- SOURCE RECORDS:
*****
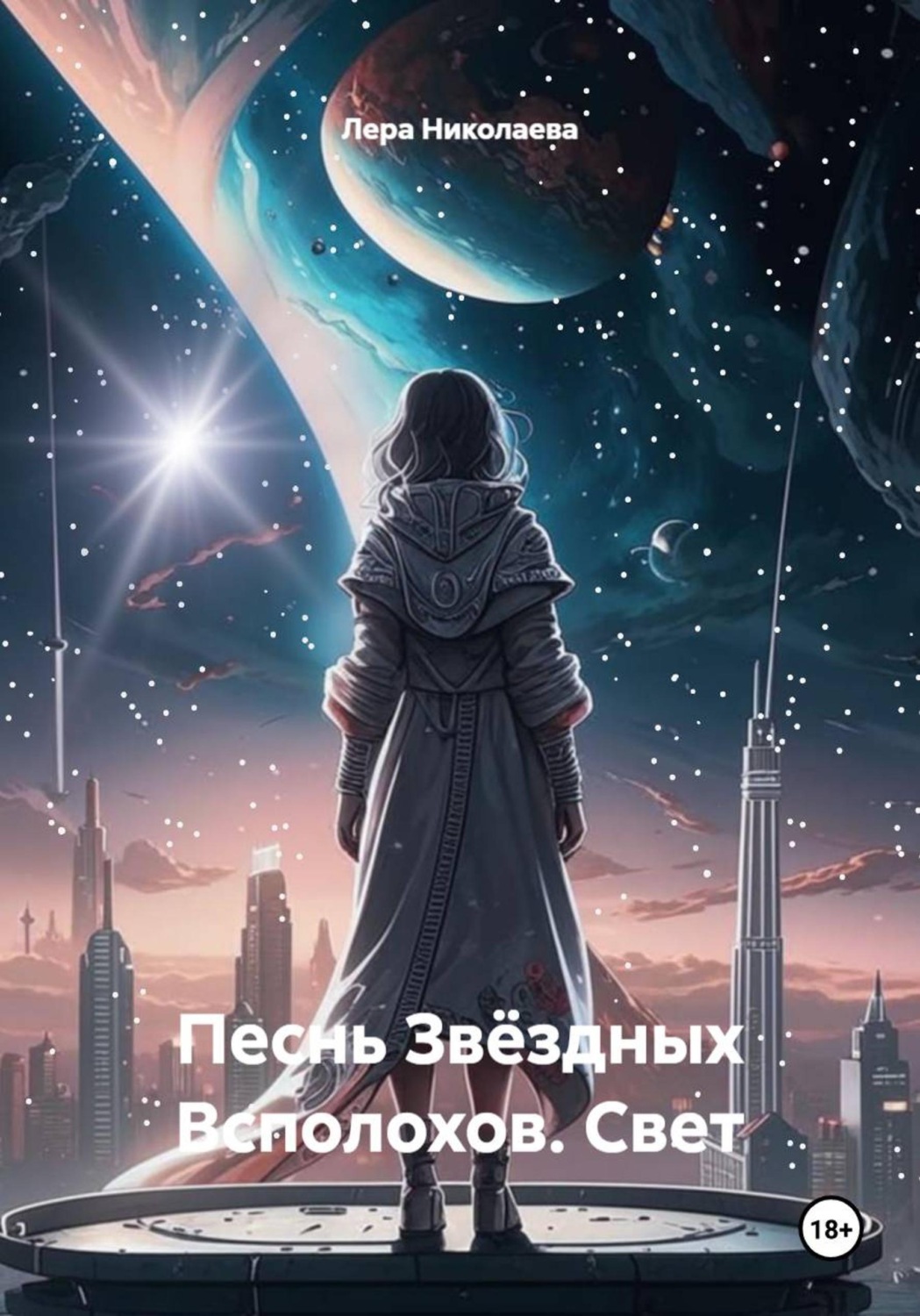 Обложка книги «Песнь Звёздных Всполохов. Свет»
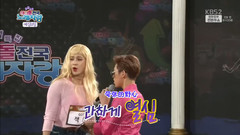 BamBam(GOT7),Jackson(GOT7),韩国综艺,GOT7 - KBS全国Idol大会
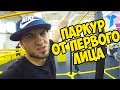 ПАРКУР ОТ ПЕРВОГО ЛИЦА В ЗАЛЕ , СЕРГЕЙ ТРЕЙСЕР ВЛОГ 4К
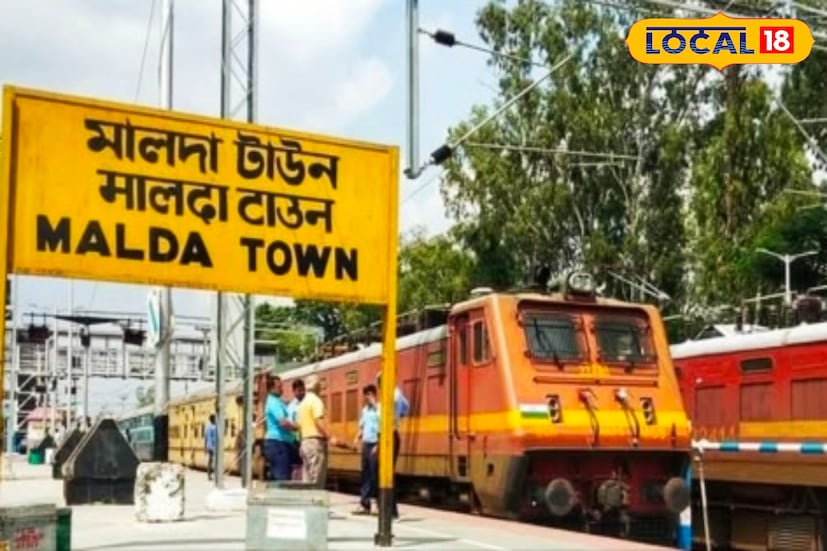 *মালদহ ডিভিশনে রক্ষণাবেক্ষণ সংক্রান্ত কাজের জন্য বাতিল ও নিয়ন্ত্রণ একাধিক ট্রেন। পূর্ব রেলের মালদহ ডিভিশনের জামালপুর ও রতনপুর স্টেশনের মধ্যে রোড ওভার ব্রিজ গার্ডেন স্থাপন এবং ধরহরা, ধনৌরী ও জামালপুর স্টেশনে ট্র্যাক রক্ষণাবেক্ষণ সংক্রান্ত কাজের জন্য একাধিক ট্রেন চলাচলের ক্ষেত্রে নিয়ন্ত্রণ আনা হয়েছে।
*****
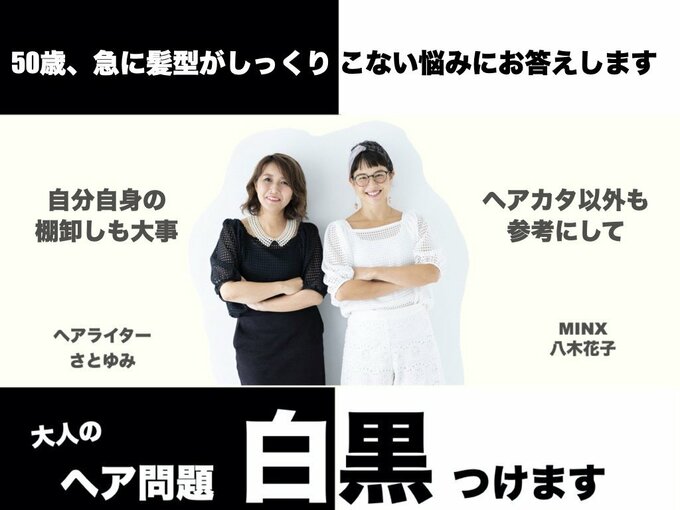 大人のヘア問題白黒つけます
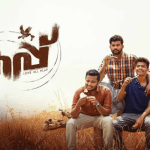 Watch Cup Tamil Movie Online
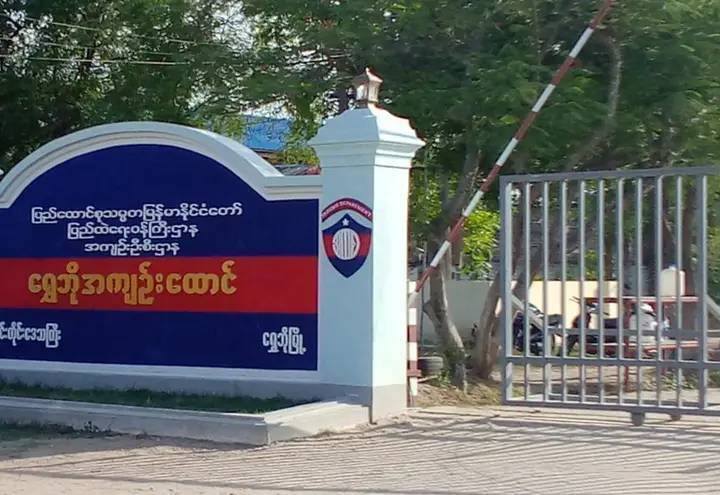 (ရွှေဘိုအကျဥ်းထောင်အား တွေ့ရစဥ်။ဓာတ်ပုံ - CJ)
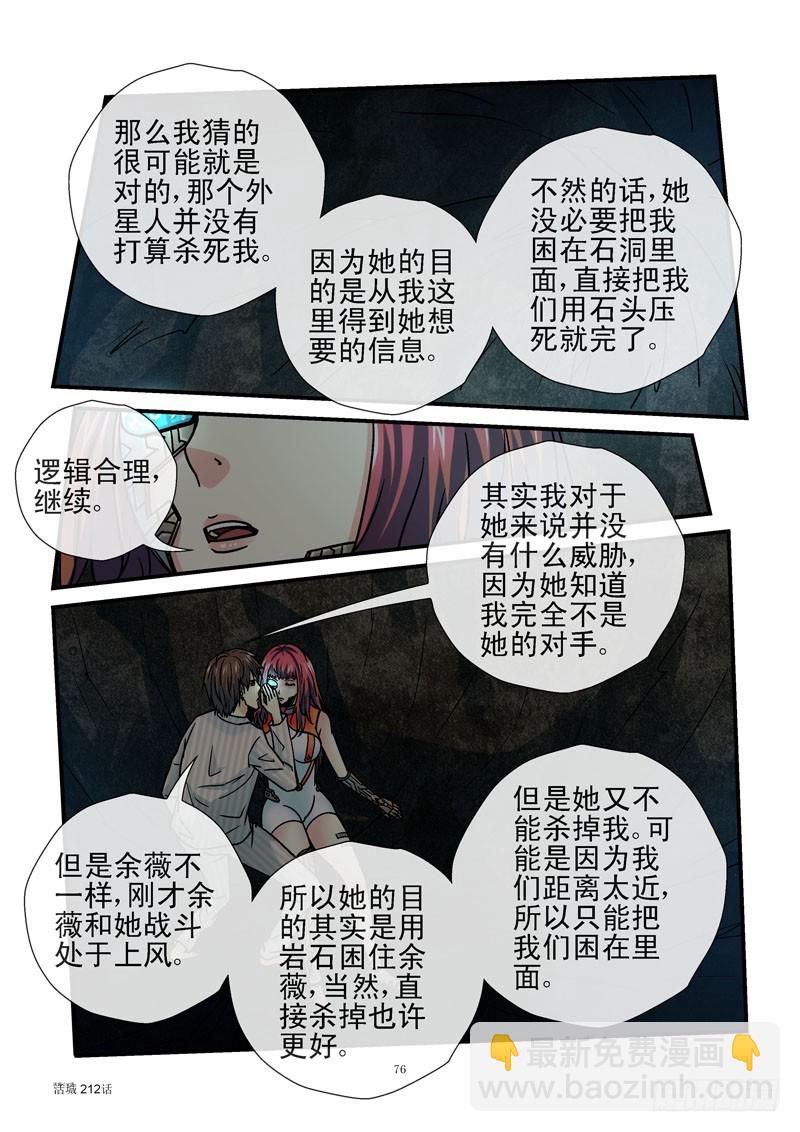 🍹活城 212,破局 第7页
*****
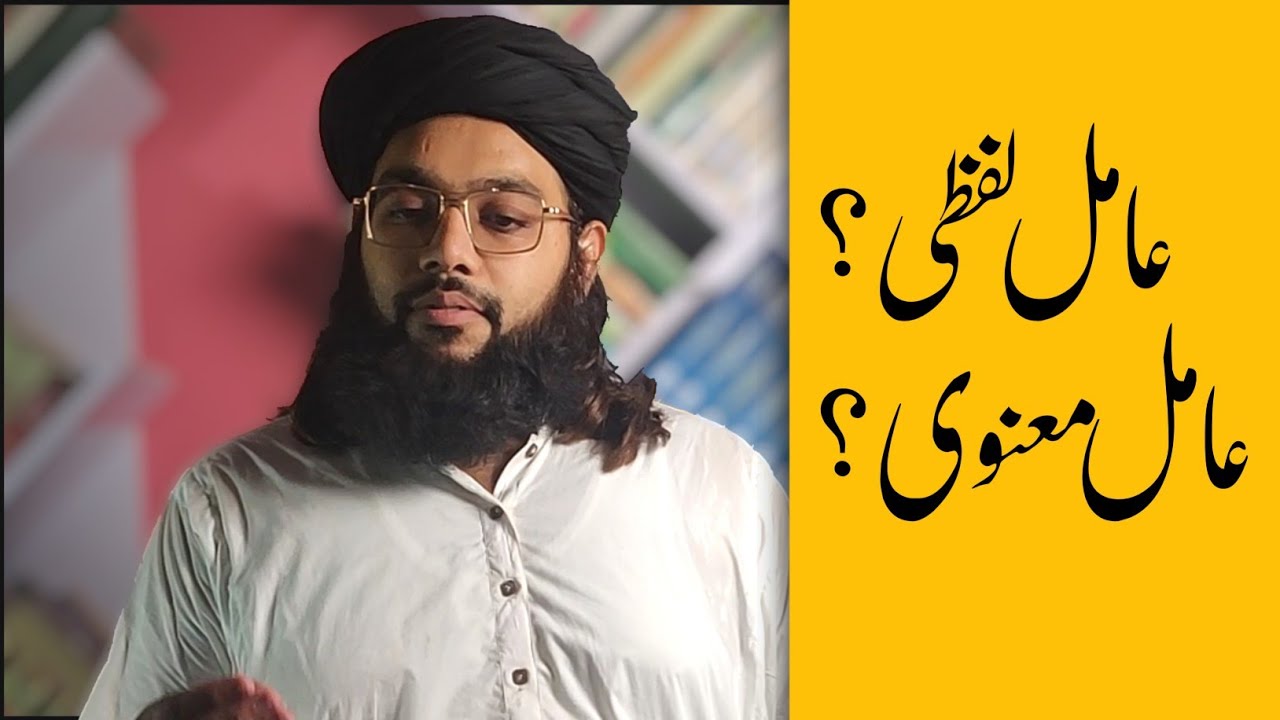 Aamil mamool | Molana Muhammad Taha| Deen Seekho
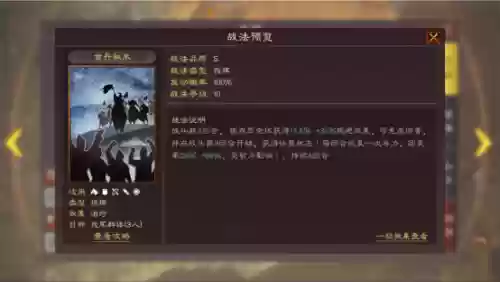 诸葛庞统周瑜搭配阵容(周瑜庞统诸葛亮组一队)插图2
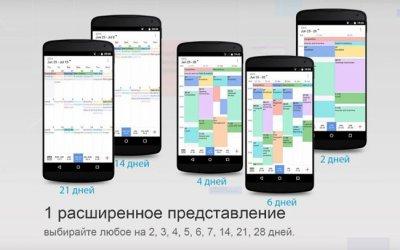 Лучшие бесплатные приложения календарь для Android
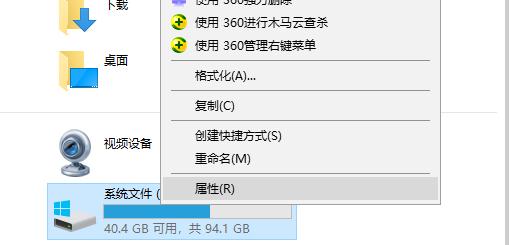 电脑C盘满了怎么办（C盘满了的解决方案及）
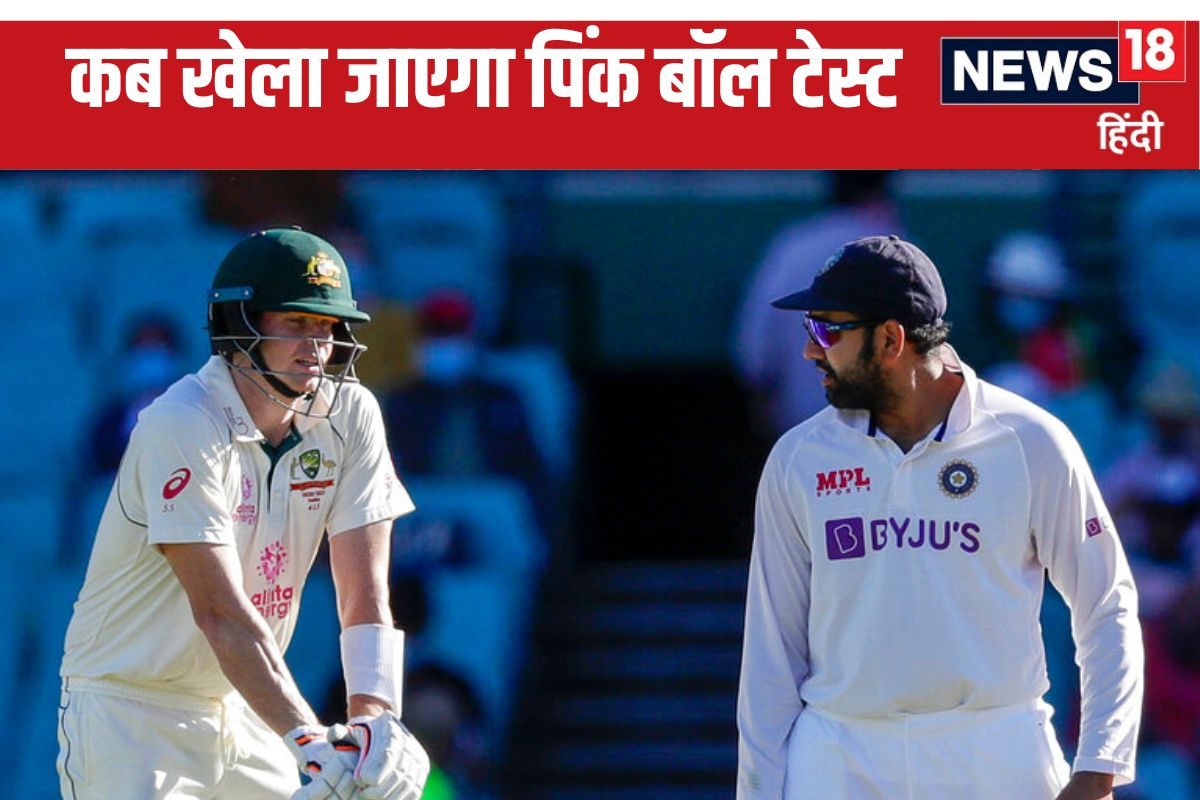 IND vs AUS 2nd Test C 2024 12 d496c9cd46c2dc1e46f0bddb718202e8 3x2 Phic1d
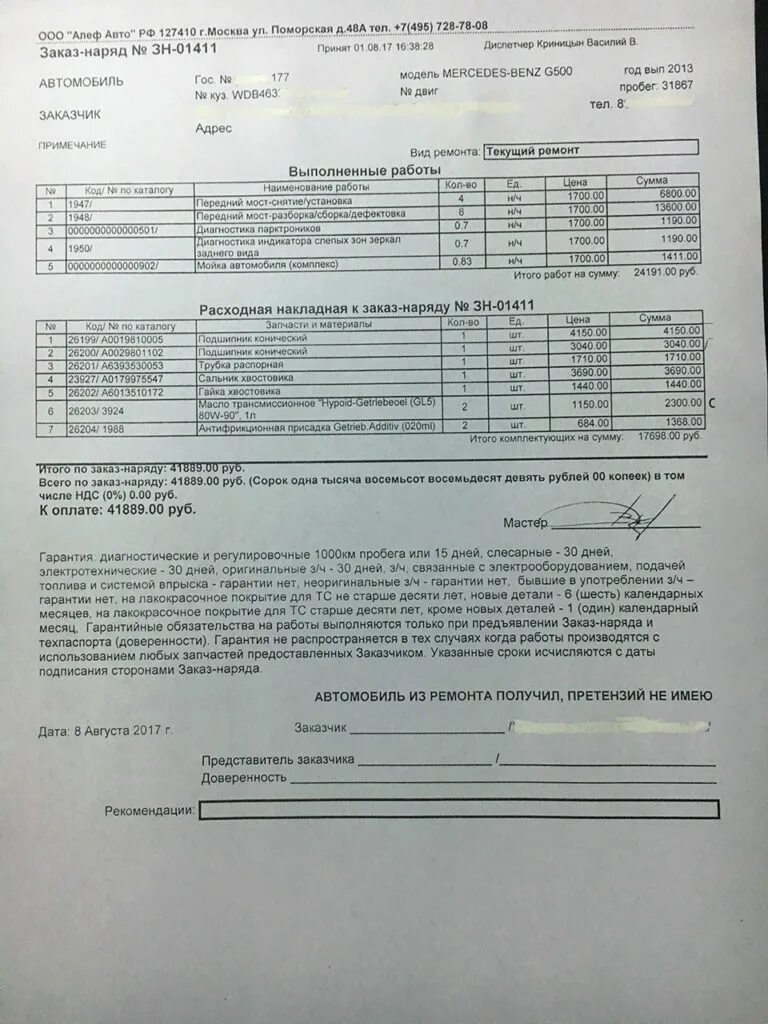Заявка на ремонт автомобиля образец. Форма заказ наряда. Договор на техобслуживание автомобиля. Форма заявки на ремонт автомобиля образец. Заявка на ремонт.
*****
- WHAT THE EXERCISE ASKS: In the records above, copy exactly everything from the line that has "Лучшие бесплатные приложения" down to the line that has "IND vs AUS 2nd", both ends included, and leave out the pictures.

- SOLUTION TO THE PROBLEM:
 Лучшие бесплатные приложения календарь для Android
 电脑C盘满了怎么办（C盘满了的解决方案及）
 IND vs AUS 2nd Test C 2024 12 d496c9cd46c2dc1e46f0bddb718202e8 3x2 Phic1d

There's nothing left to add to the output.